(Records for this task):
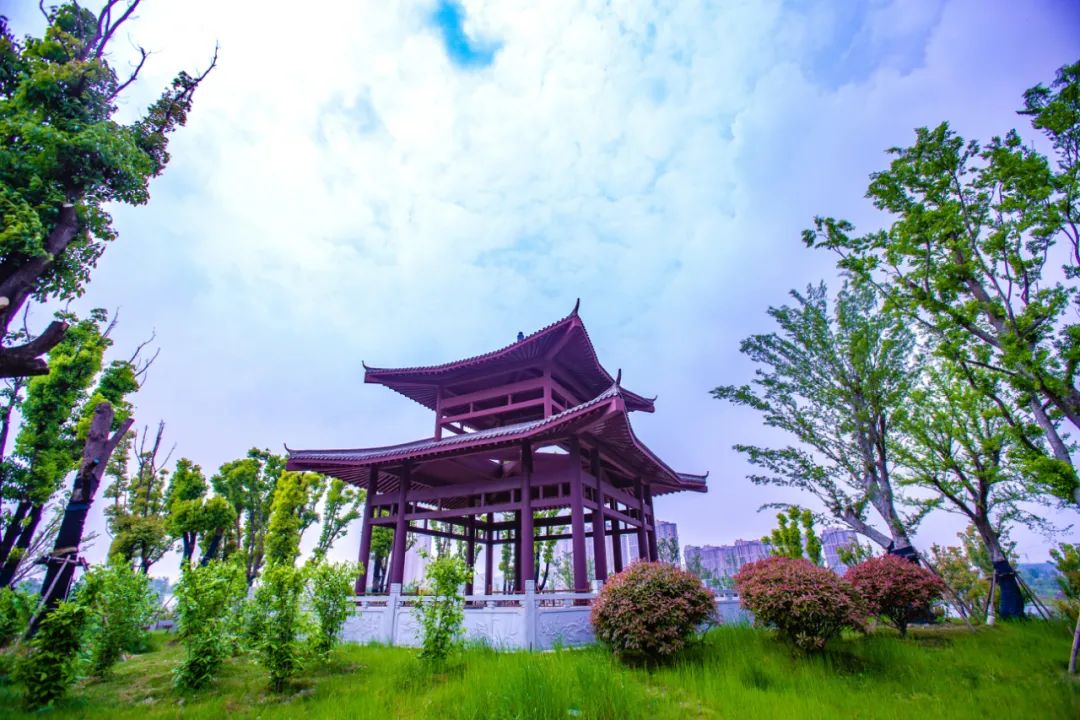 阜阳又一大型公园开放了_澎湃号·政务_澎湃新闻-the paper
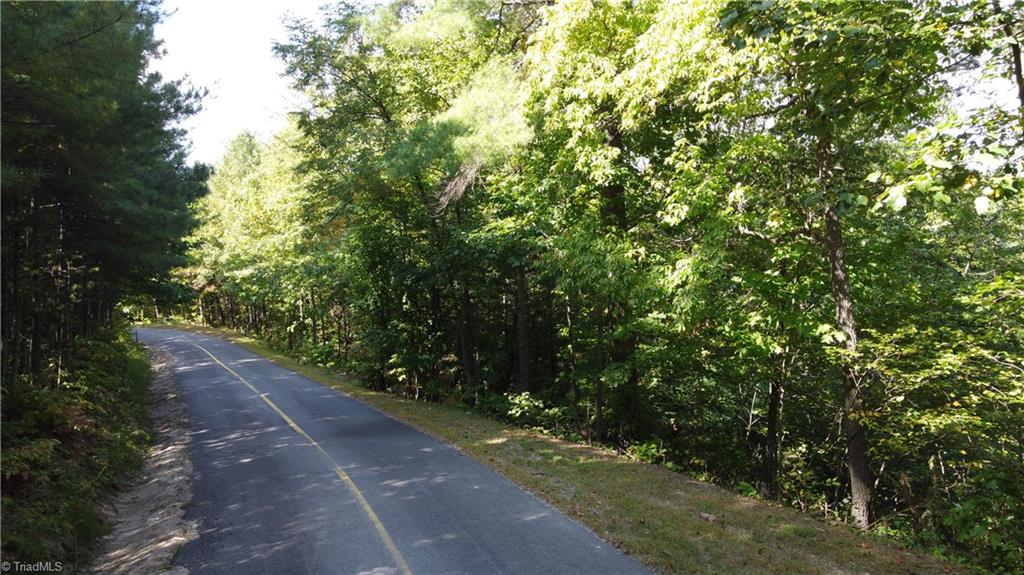 0 Bobcat Mountain Road Purlear, NC 28665 - Photo 2 of 16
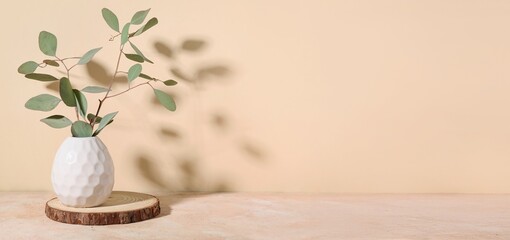 Vase with green eucalyptus branches on beige background with space for text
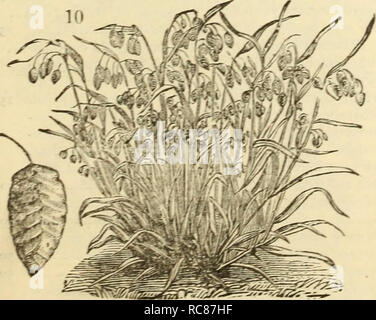 . Dreer's garden calendario : 1883. Cataloghi di sementi; vivaio Cataloghi Cataloghi di giardinaggio; fiori Semi cataloghi. Se *. Si prega di notare che queste immagini vengono estratte dalla pagina sottoposta a scansione di immagini che possono essere state migliorate digitalmente per la leggibilità - Colorazione e aspetto di queste illustrazioni potrebbero non perfettamente assomigliano al lavoro originale. Henry A. Dreer (Azienda); Henry G. vivaio di Gilbert e il commercio di sementi Catalogo Collezione. Philadelphia, Pa. : Henry A. Dreer Foto Stock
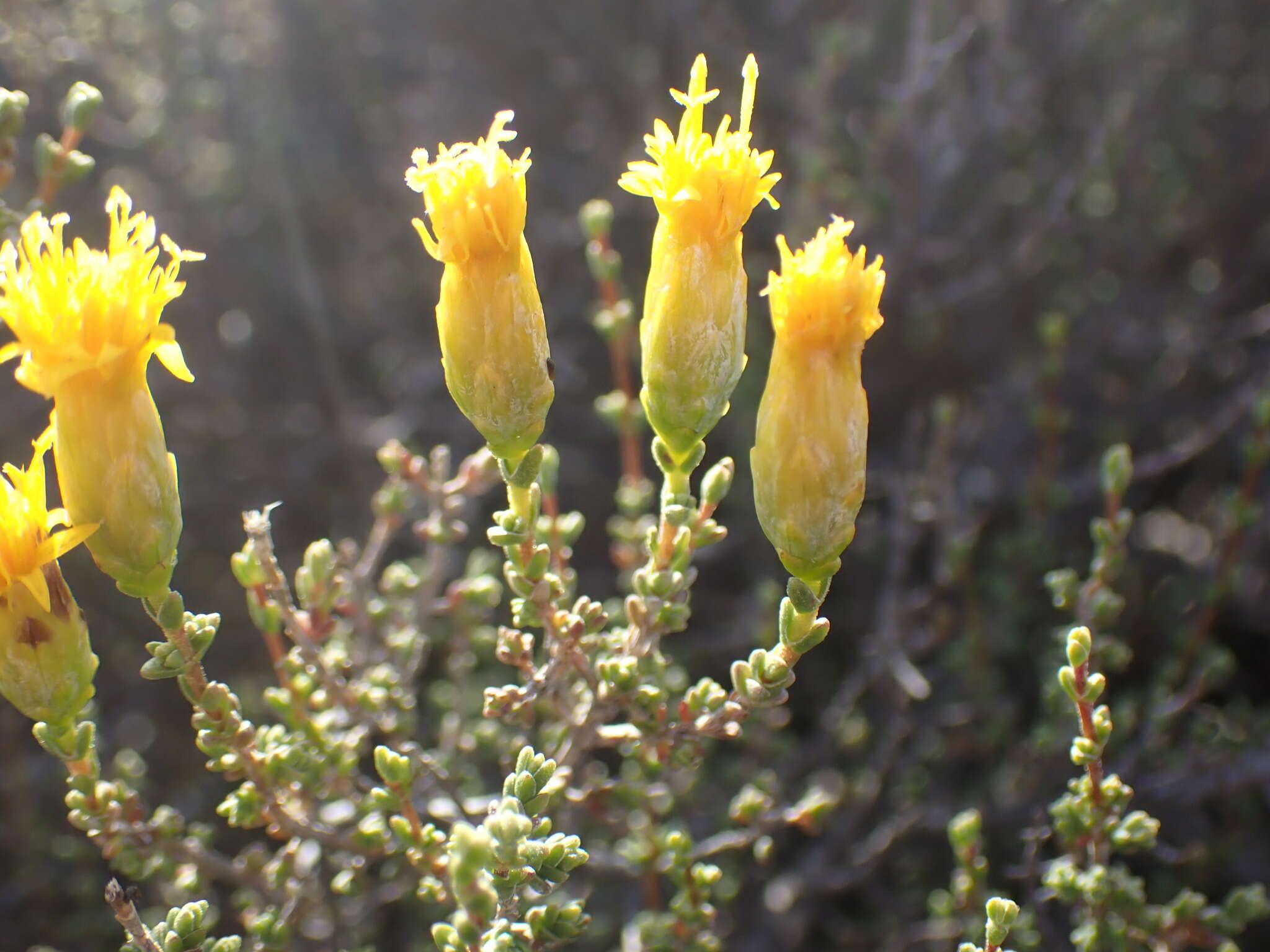 Imagem de Pteronia glomerata L. fil.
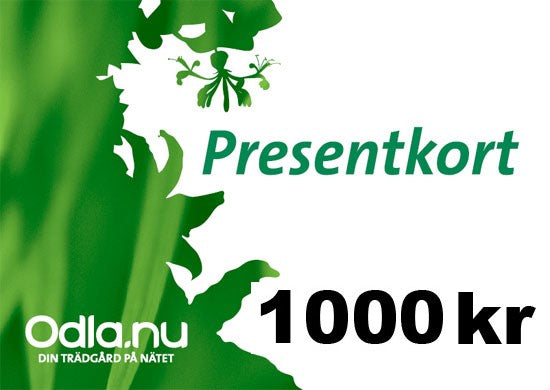 Presentkort 1000
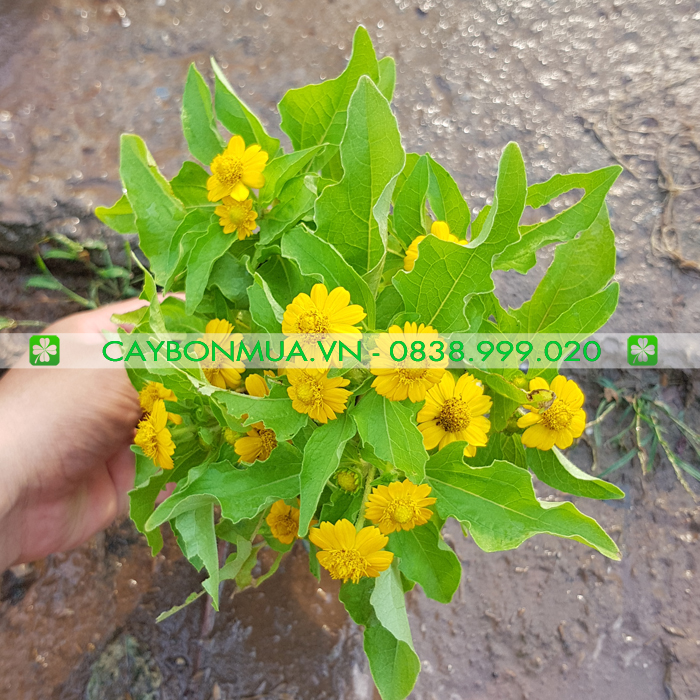 Cây hoa Cúc Mặt Trời.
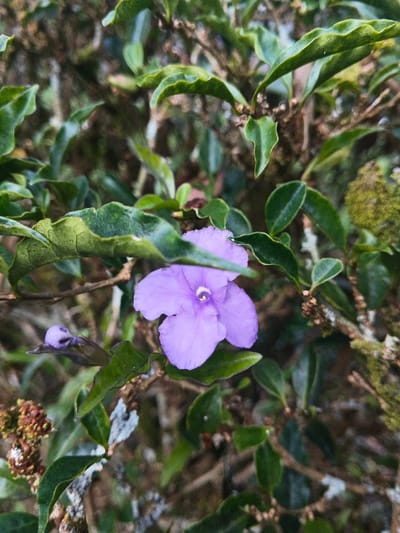 The scene depicts a close-up of a single, five-petaled purple flower, likely *Brunfelsia pauciflora*, with a pale central eye, positioned slightly left of the image's vertical center. To the left and slightly below the main bloom, a smaller, unopened purple flower bud is visible amidst the foliage. The flower is surrounded by numerous small, ovate, dark green leaves. The background is blurred, showing additional green foliage, brown branches, and patches of moss or lichen on some branches. Dark brown, dried plant matter is present in the lower left quadrant. No individuals or active interactions are observed. The environment suggests an outdoor natural setting. This scene is located in Thành phố Kon Tum, Vietnam.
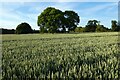 Farmland, Bentworth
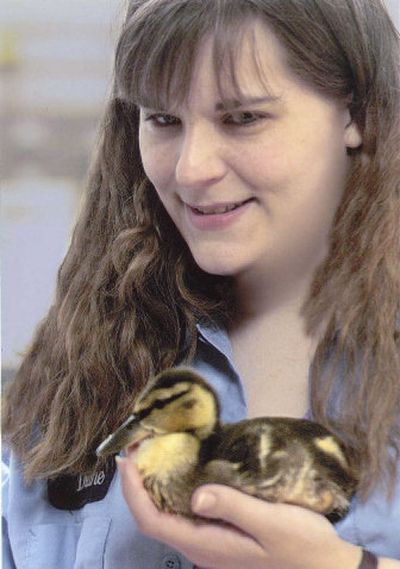 
This photo provided by Diane Erdmann shows her holding a duck she named Gooey, that she nursed back to health after it was injured by a crow. The Fish and Wildlife Department is looking into whether Erdmann should be charged with unlawful possession of wildlife. 
 (Associated Press / The Spokesman-Review)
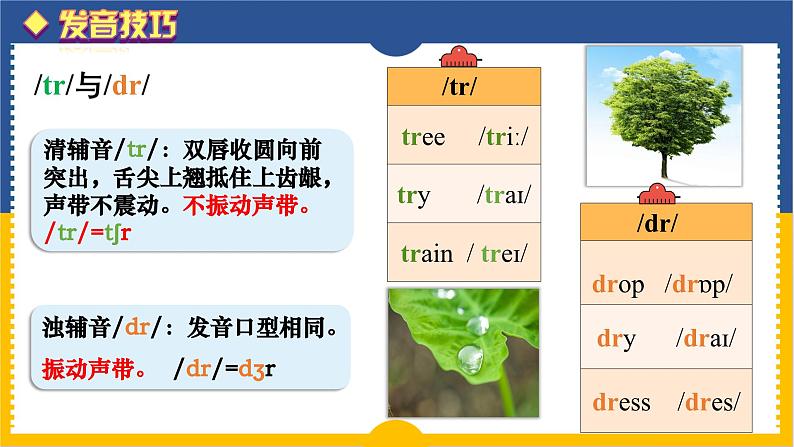 Unit 5 A healthy lifestyle Pronunciation（课件） 2024-2025学年译林版英语七年级上册第7页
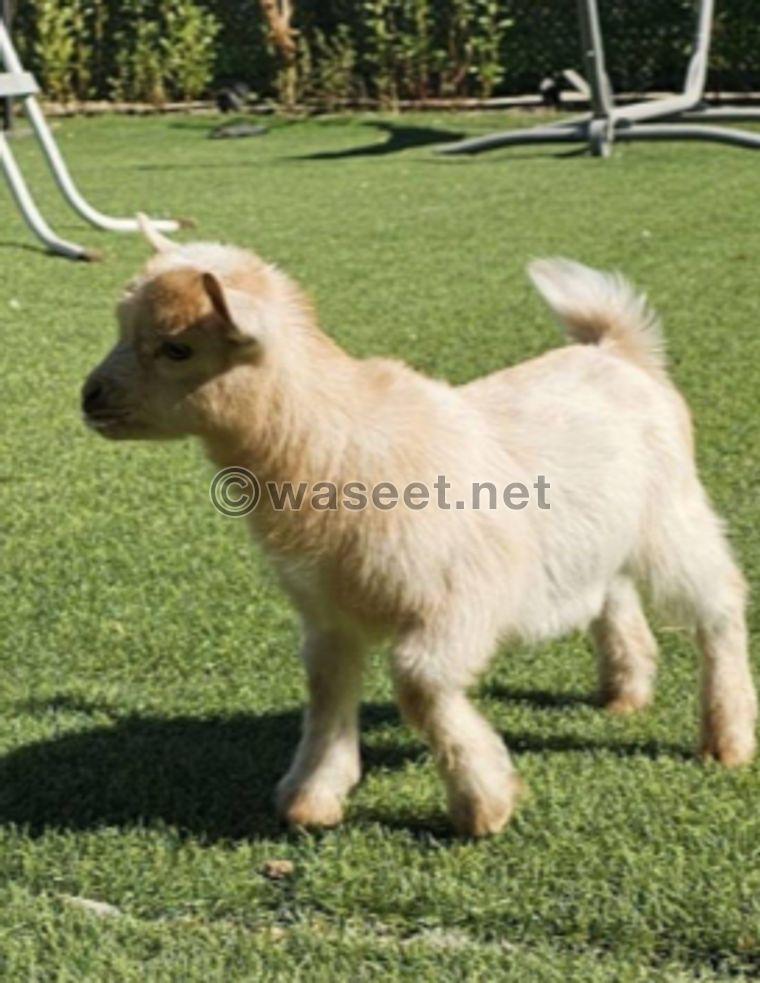 For sale three Jicky dwarf goats 6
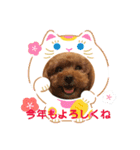 トイプーhana＆kuro年末年始バージョン（個別スタンプ：2）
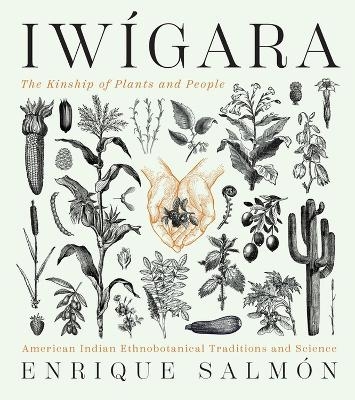 Iwígara - Enrique Salmón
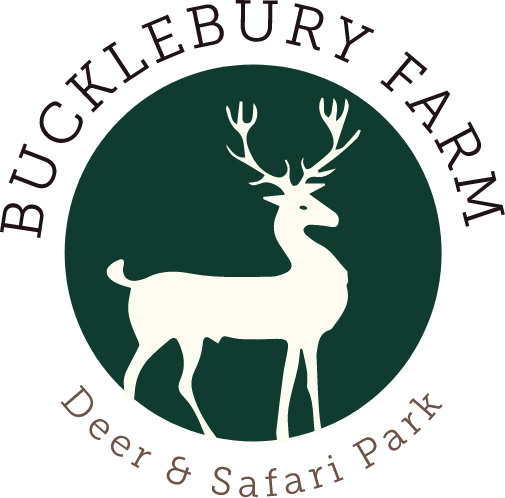 Bucklebury Farm Park Tarjouskoodit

(Task instructions):
Repeat only the lines from the line with "This photo provided" to the end of the entries, including both the first and the last line, and drop every picture.

(Completed task):
This photo provided by Diane Erdmann shows her holding a duck she named Gooey, that she nursed back to health after it was injured by a crow. The Fish and Wildlife Department is looking into whether Erdmann should be charged with unlawful possession of wildlife. 
 (Associated Press / The Spokesman-Review)
 Unit 5 A healthy lifestyle Pronunciation（课件） 2024-2025学年译林版英语七年级上册第7页
 For sale three Jicky dwarf goats 6
 トイプーhana＆kuro年末年始バージョン（個別スタンプ：2）
 Iwígara - Enrique Salmón
 Bucklebury Farm Park Tarjouskoodit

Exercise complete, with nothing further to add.